## What is being asked
Copy exactly the lines of the data below, beginning with the line with "Wholesale/Private Label Organic" and ending with the line with "افراد سیگاری لمینت کنند یا کامپوزیت؟". Pictures are to be omitted.

## Data for this task

★ ★ ★ ★ ★ ★ ★

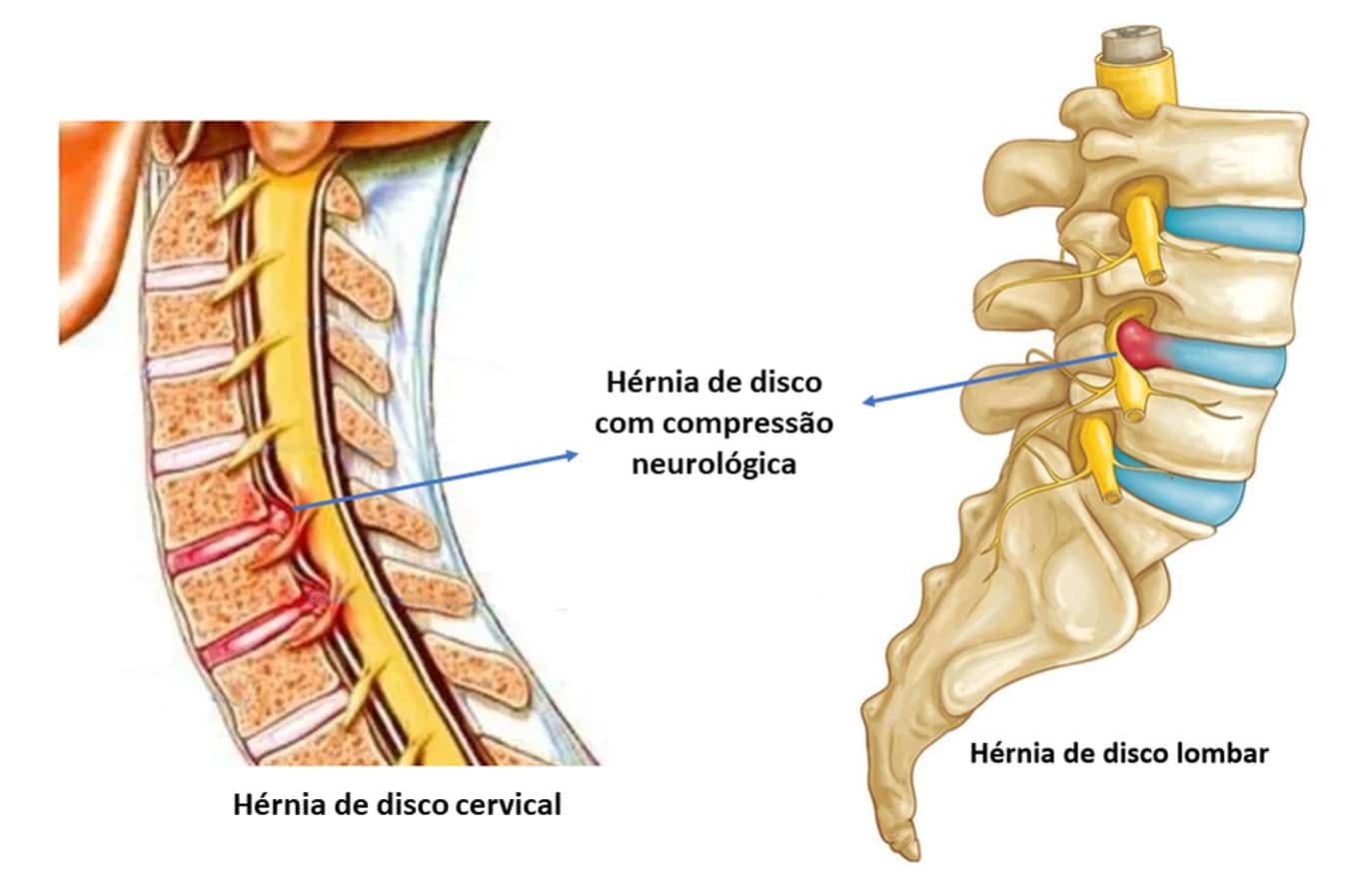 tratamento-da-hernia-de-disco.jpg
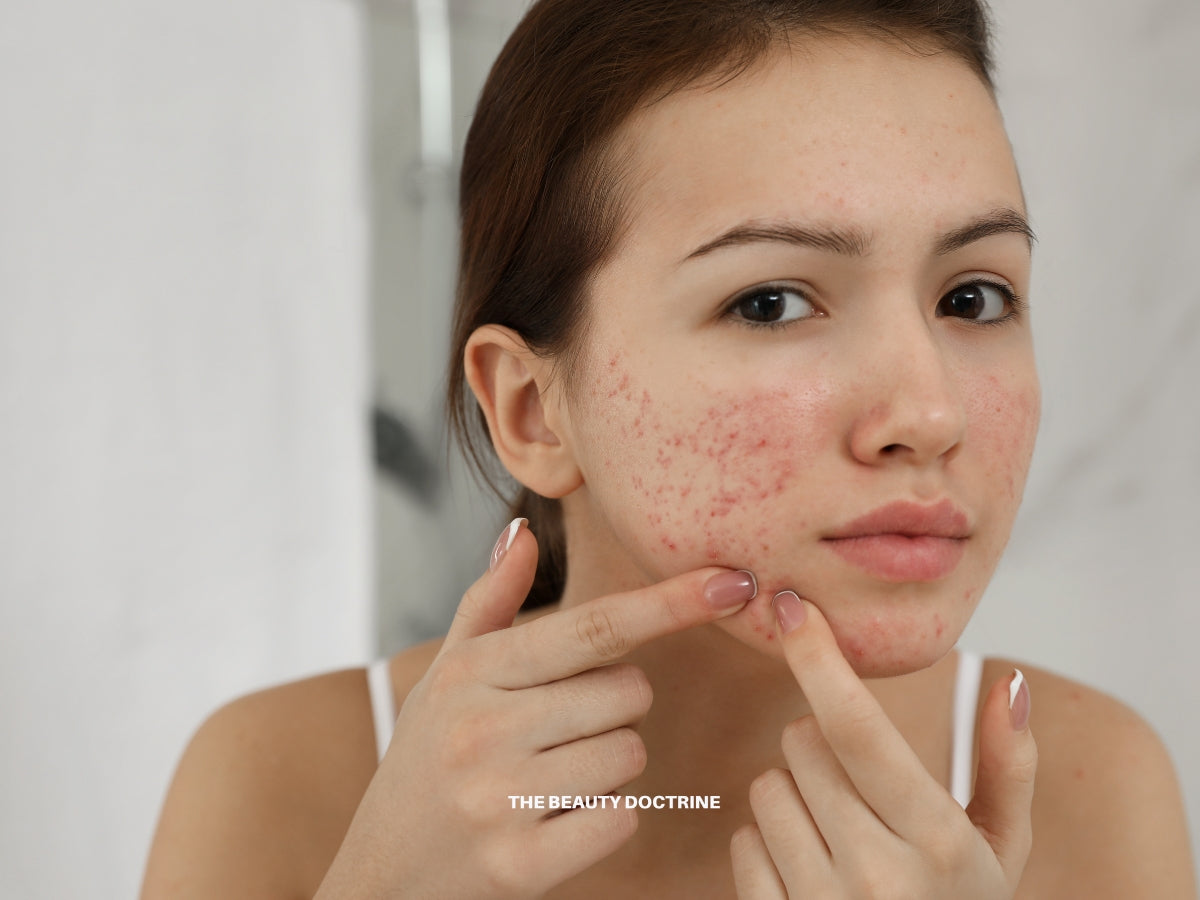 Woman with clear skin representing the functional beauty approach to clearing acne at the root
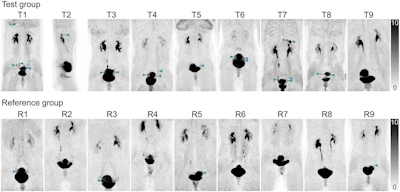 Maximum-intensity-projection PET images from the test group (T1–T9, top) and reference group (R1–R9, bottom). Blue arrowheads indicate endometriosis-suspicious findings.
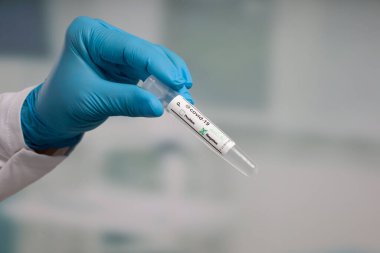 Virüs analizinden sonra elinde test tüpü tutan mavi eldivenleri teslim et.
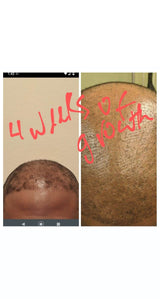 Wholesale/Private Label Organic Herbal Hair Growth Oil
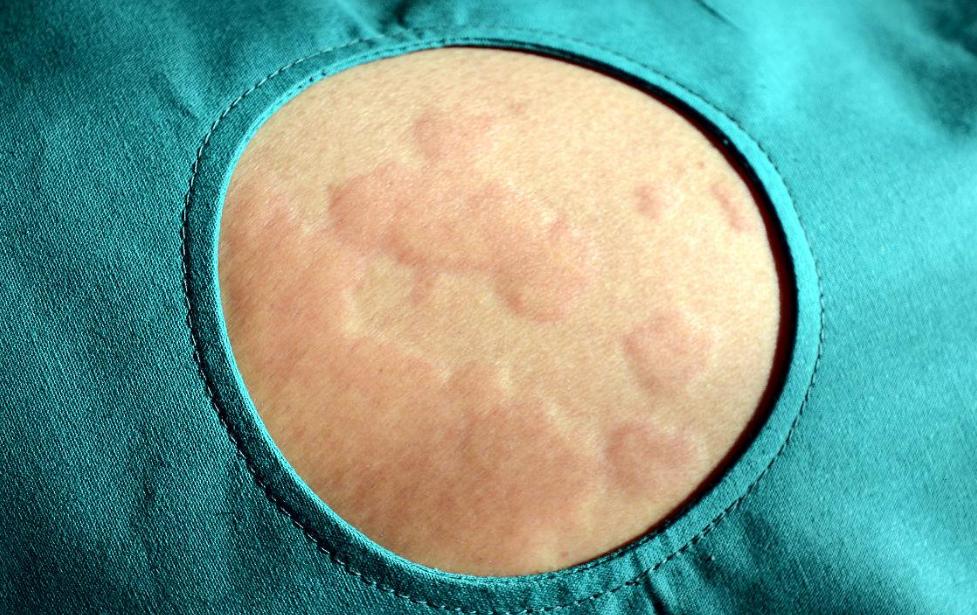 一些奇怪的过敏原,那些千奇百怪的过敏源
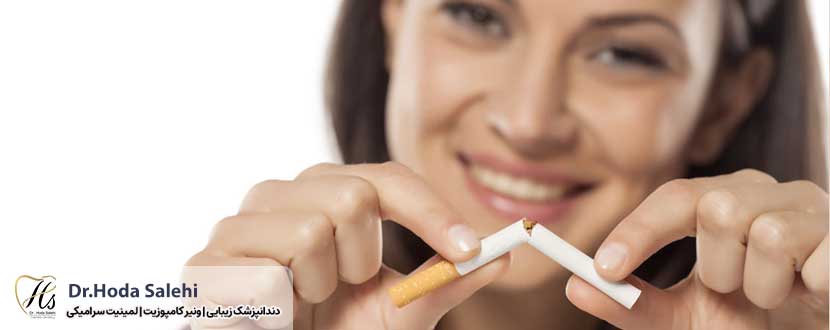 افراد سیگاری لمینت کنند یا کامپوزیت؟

★ ★ ★ ★ ★ ★ ★

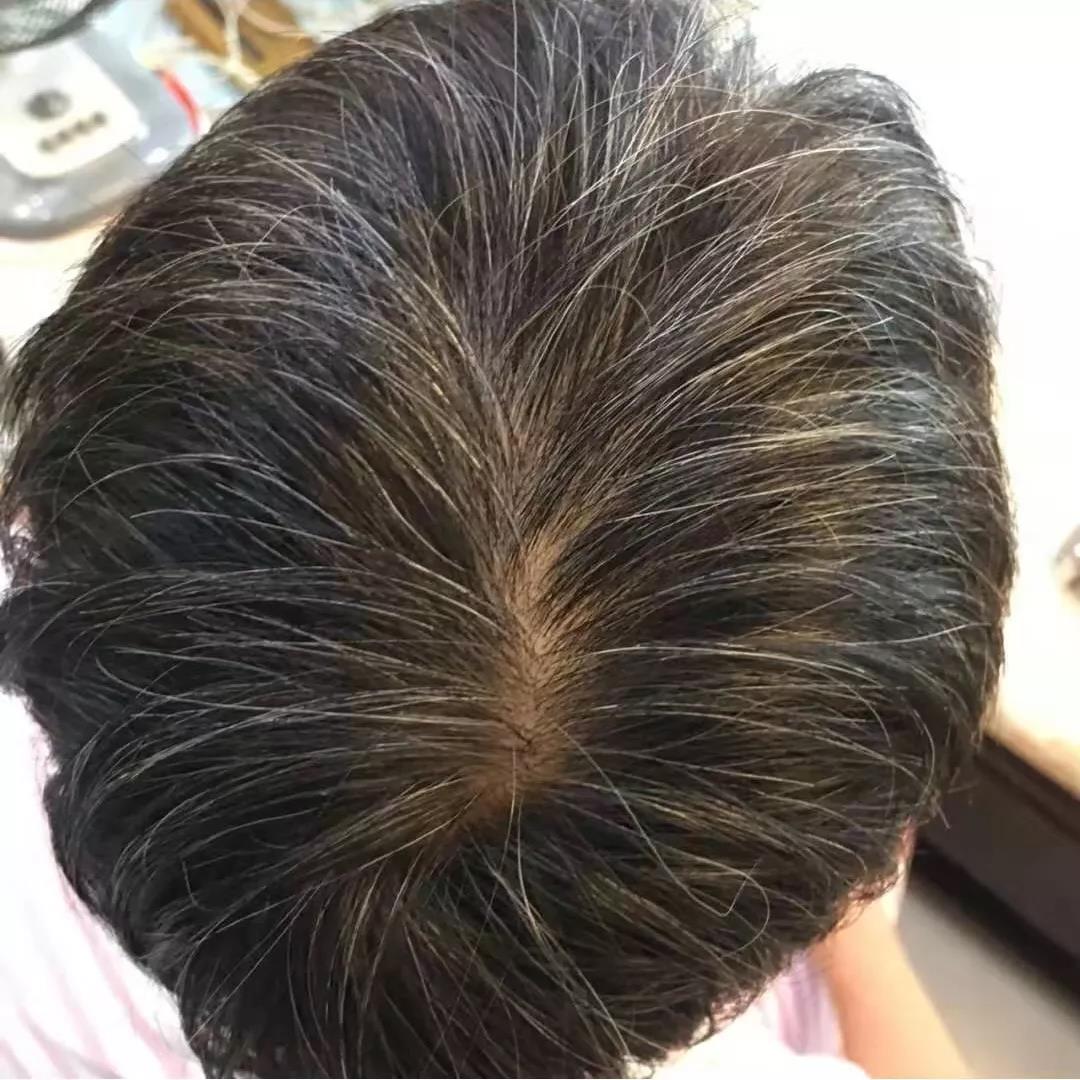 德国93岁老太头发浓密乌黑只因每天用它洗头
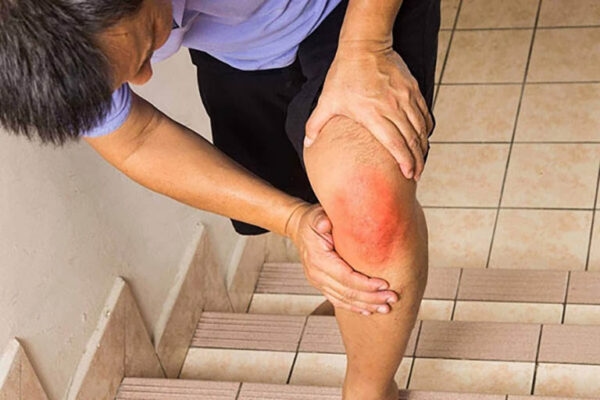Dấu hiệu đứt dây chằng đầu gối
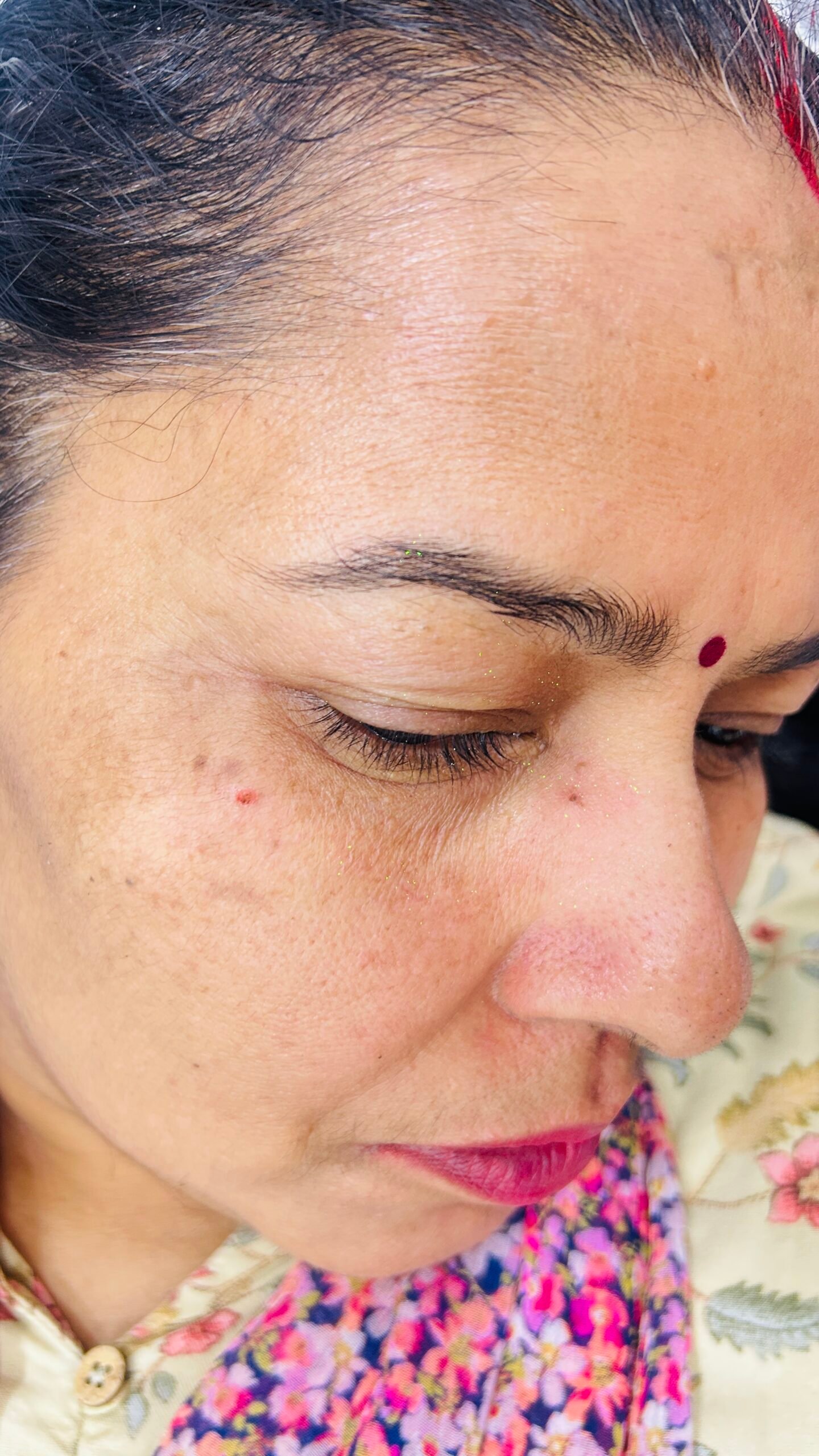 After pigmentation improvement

★ ★ ★ ★ ★ ★ ★

## Task result
 Wholesale/Private Label Organic Herbal Hair Growth Oil
 一些奇怪的过敏原,那些千奇百怪的过敏源
 افراد سیگاری لمینت کنند یا کامپوزیت؟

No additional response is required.